ViETNAM VETERANS may bitch about the media, but the fact remains that journalistic accounts of the Vietnam war continue to be far superior to most of those provided by other sources. For example, a recent article in an academic journal on the 1972 Christmas bombing of North Vietnam concluded with the remarkable statement that "the North Vietnamese accepted certain limits on the war they fought in Vietnam" and speculated that if the United States had gone all-out from the very beginning, the North Vietnamese would have unleashed their entire military might against the south.
Given the over half-million soldiers that North Vietnamese General Vo Nguyen Giap admitted were killed in action between 1965 and 1969 alone, that conclusion is arrant nonsense. Unless one understands the gross differences in the "correlation of forces" between Vietnamese communist forces and the United States, one does not even begin to understand the Vietnam war. In their remarkable new book, The Tunnels of Cu Chi, BBC correspondents Tom Mangold and John Penycate mention in passing that "In one month (in 1966), throughout South Vietnam, the Americans fired about a trillion bullets, ten million mortar rounds, and 4.8 million rockets. And this was just the beginning of the war." The real story is not some fantasy of North Vietnamese constraints (nor, equally misleading, fantasies of unlimited application of U.S. military power), but, as Mangold and Penycate relate in fascinating detail, "how the weak outfaced the strong."
This was particularly true in the area just north and northwest of Saigon astride the Song Sai Gon (the Saigon River). The so-called "Iron Triangle" on its eastern banks and the district of Cu Chi on its western banks "was a springboard for attacking Saigon" throughout the early years of the war. One reason the area was so important was that through a fortuitous combination of low water tables and soil compositions, the region was ideal for tunneling. Originally dug as hiding places for the Viet Minh guerrillas in their pre-1954 war with the French, "the forty-eight kilometers (30 miles) of tunnel during (that) war . . . had grown to two hundred kilometers (125 miles) by the time the Americans arrived in 1965." This was not by strategy. "No single military engineer designed this vast labyrinth nor . . . did any one commander order it to be built. The tunnels evolved as the natural response of a poorly equipped and mainly local guerrilla army to mid-20th century technological warfare."

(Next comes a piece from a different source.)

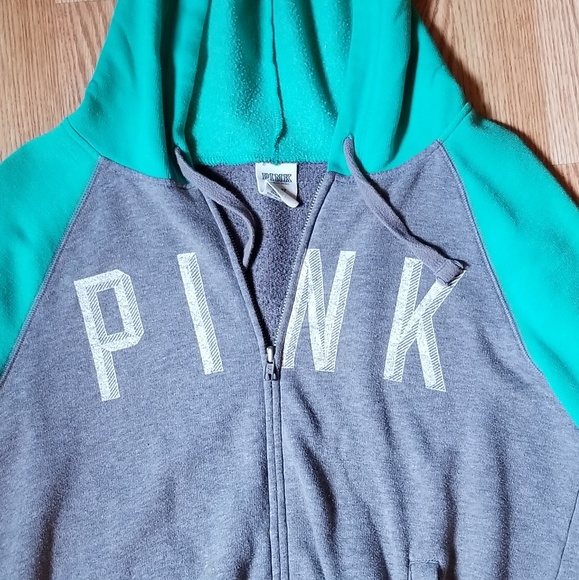 Vintage Pink Zip Up Green and Grey Hoodie - Picture 2 of 3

Now honored as "the Iron Land of Cu Chi," some of the tunnels are maintained as memorials to the tunnel war. At the invitation of the present government of Vietnam, Mangold and Penycate were taken on guided tours of this area and allowed to interview many of the heroes -- and, of course, several obligatory heroines -- of the war. There are not many left, for as the authors were told by Captain Nguyen Thanh Linh of the People's Army of the Socialist Republic of Vietnam, who spent five years in the tunnels of Cu Chi, "Of the 300 men under his command . . . in January 1966, only four were to survive the war. . . . 'In Cu Chi we lost 12,000 people -- guerrillas and civilians -- in the course of the war.'" The most harrowing story is told by Dr. Vo Hoang Le. His accounts of performing surgery in these tunnels without adequate medical supplies and in some cases without anesthesia are nightmarish in the telling and must have been infinitely worse for those actually involved.
But -- with the stubborn Western journalistic independence that continually confounds communist commissars -- Mangold and Penycate did not produce the propaganda tract that the Vietnamese obviously expected. Coming to the United States, they interviewed a number of soldiers who had served as "tunnel rats" to root out these Viet Cong guerrillas. As they make clear, these were also a brave lot indeed, for "In order to fight that enemy in his own redoubts, the Americans had to invent a military skill that was so (literally) down-to-earth that its successes were due not to advanced weapons or firepower, but to simple courage in the face of the most ancient and primeval fear, following the quarry into the unknown darkness of his lair."
Not only does The Tunnels of Cu Chi describe the war between the guerrillas and the tunnel rats, it also has remarkable insights into the larger issues of the war. The authors describe not only American failures but our successes as well, including, some may be surprised to find, the successes of the Phoenix Program in eliminating the guerrilla infrastructure. "Ironically," they relate, "as the last American units pulled out in the early seventies, the Viet Cong was admitting defeat."
As Mangold and Penycate conclude, there is a curious symbiosis between the combatants on both sides. "Few of the tunnel guerrillas survived the war. The Viet Cong can honestly claim the victory, but it was North Vietnam that took the glory and the power. And when the American tunnel rats came marching home, their stories and courage, too, were ignored, and then swamped by the postwar trauma and recriminations that wracked America."
Those who have replaced the distortions and emotionalism of earlier Vietnam war accounts with objective and even-handed analyses can take pride in the fact that at long last, "The survivors on both sides speak with open respect about their former adversaries . . . What is remembered is . . . how both discovered new springs of courage and endurance -- a lasting inspiration from a painful war."